DIM_DATE (standard date dimension)
--------
date_key int
date_value date
...

DIM_STORE
---------
store_key int
store_name string
hasAnomaly boolean *****
...

FCT_SALES
date_key
store_key
amount


I know how to use Kettle jobs and transformations to populate all these tables. The only problem is the DIM_STORE.hasAnomaly column. The goal of this column is to flag stores with

anomalous sales. The user may then print reports showing only those stores.

To decide wether a store has anomalous sales, I have a complex algorithm involving multiple rules as well as time serie analysis. This algorithm has been coded in Java, and I have the

following API:

interface Sale {
Date getDate();
double getAmount();
int getStoreId();
}

interface ComplexSaleAnomalyDetector {
boolean areSalesAnomalous(Iterable<Sale> sales);
}

This algorithm takes a list of the last 3 years of sales for a given store, and returns the needed information.


My problem is that I don't know how I should go about calling my algorithm from Kettle.


My idea was to do the following:

- Use Kettle jobs/transformations to populate the fact table and update the slowly changing dimensions. The hasAnomaly stays empty for now.

- Now that all the tables are populated, use a kettle step that takes as an input the FCT_SALES table, ordered by store, filtering on the last 3 years

- I now have a stream of all the interesting sales records, ordered by store

- ???? this is the part I'm not sure about

- Call the java method once for each store (grouping the store's sales on the store_key field and using some kind of adapter KettleRecord --> Sale interface )

- ??? Find a way to retrieve the result, and update the DIM_STORE table. Ideally, by now, I would have a stream of records of the form [STORE_KEY, HAS_ANOMALY], stripped from all the

sales data (and I would have less records than before)

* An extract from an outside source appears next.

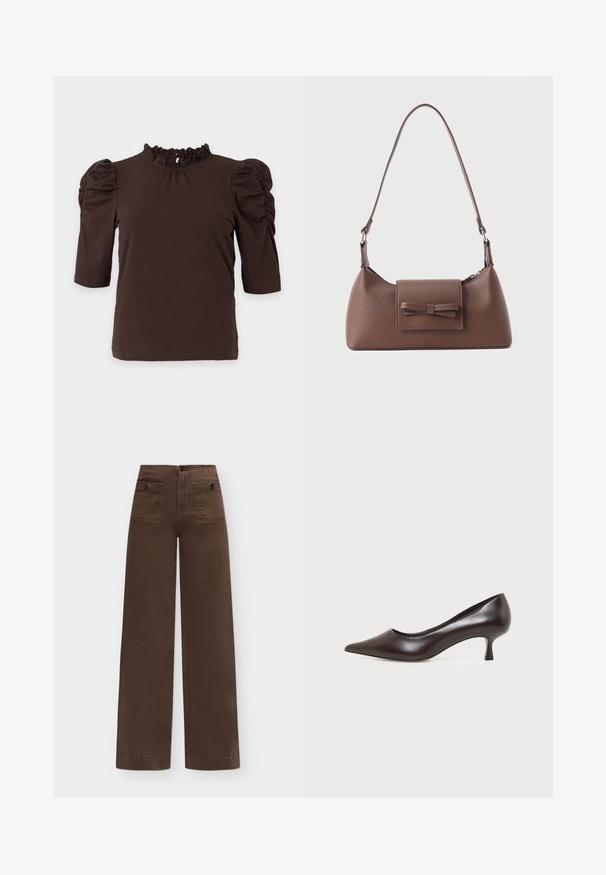 Haut marron foncé à manches courtes avec manches bouffantes froncées et col montant volanté, présenté sur un fond clair uni.; Pantalon marron taille haute à jambes larges avec deux poches avant à rabat sécurisées par des boutons sur un fond uni.; Escarpin en cuir marron foncé à bout pointu avec petit talon incurvé sur fond blanc.; Sac à bandoulière en cuir marron avec une poche à rabat avant ornée d'un détail en forme de nœud cousu et une sangle réglable.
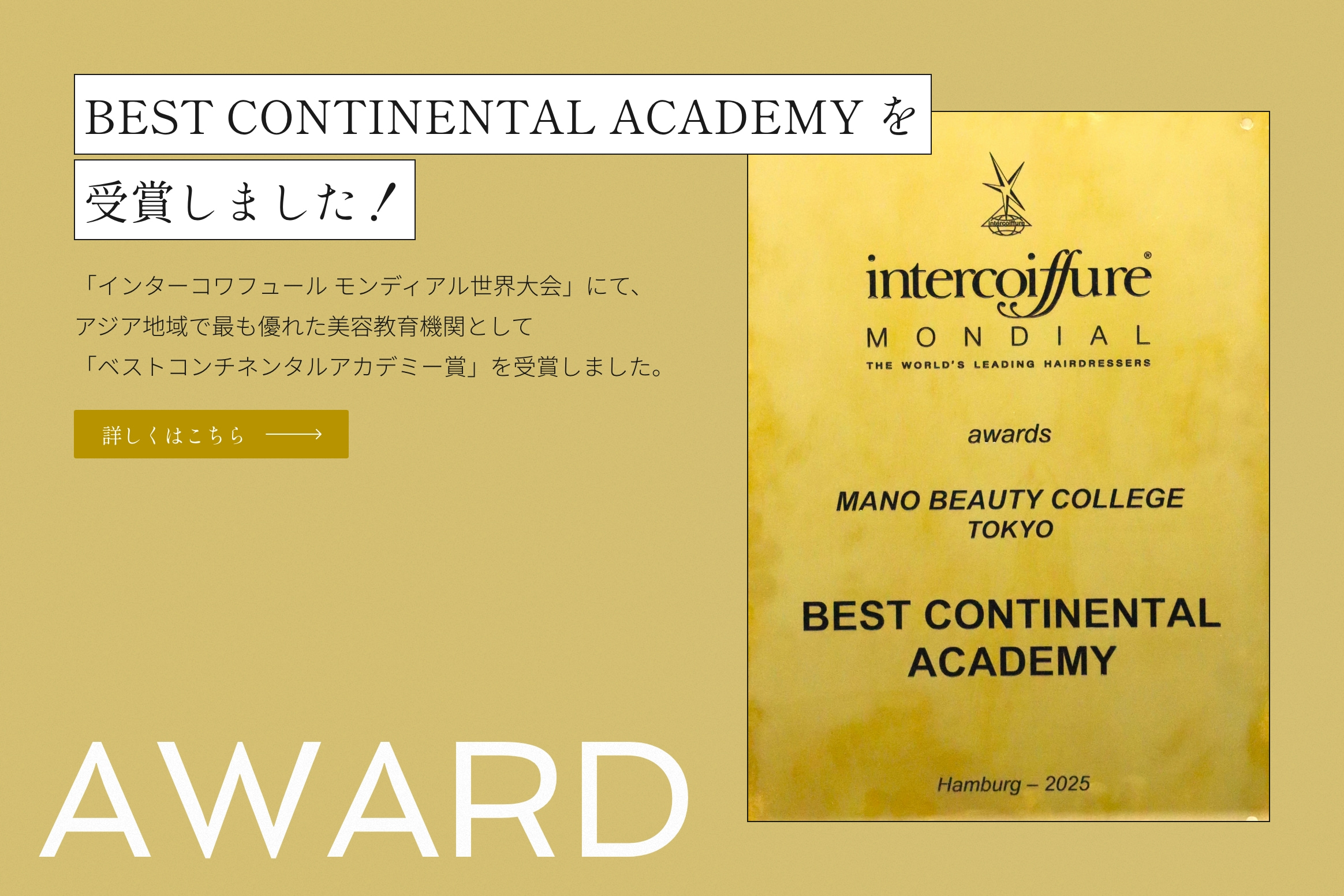 Best Continental Academy受賞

I am not sure of the best way of doing this. I thought about writing a Kettle plugin that would store all the records until it detects a break in the store_key field, then call my

areSalesAnomalous() method with these records, then repeat until the record stream is empty...

But I'm not sure if that's the right way of solving this. I feel like trying to "artificially group" records in the stream goes against Kettle's design and the idea that records are

handled as a stream, and might cause problem.

Are there better / simpler ways of doing this? Is there a way to group records and pass them to a Java method? Could the new User Defined Java Class step help with this?
If creating a custom plugin is the only way, do you have examples of plugins doing similar things (grouping input rows, then returning a result for each group)?


I'd appreciate any advice / suggestion.

Thanks in advance,

Later in the forums and in #pentaho


PS: I'm french, so sorry if there are any spelling mistakes...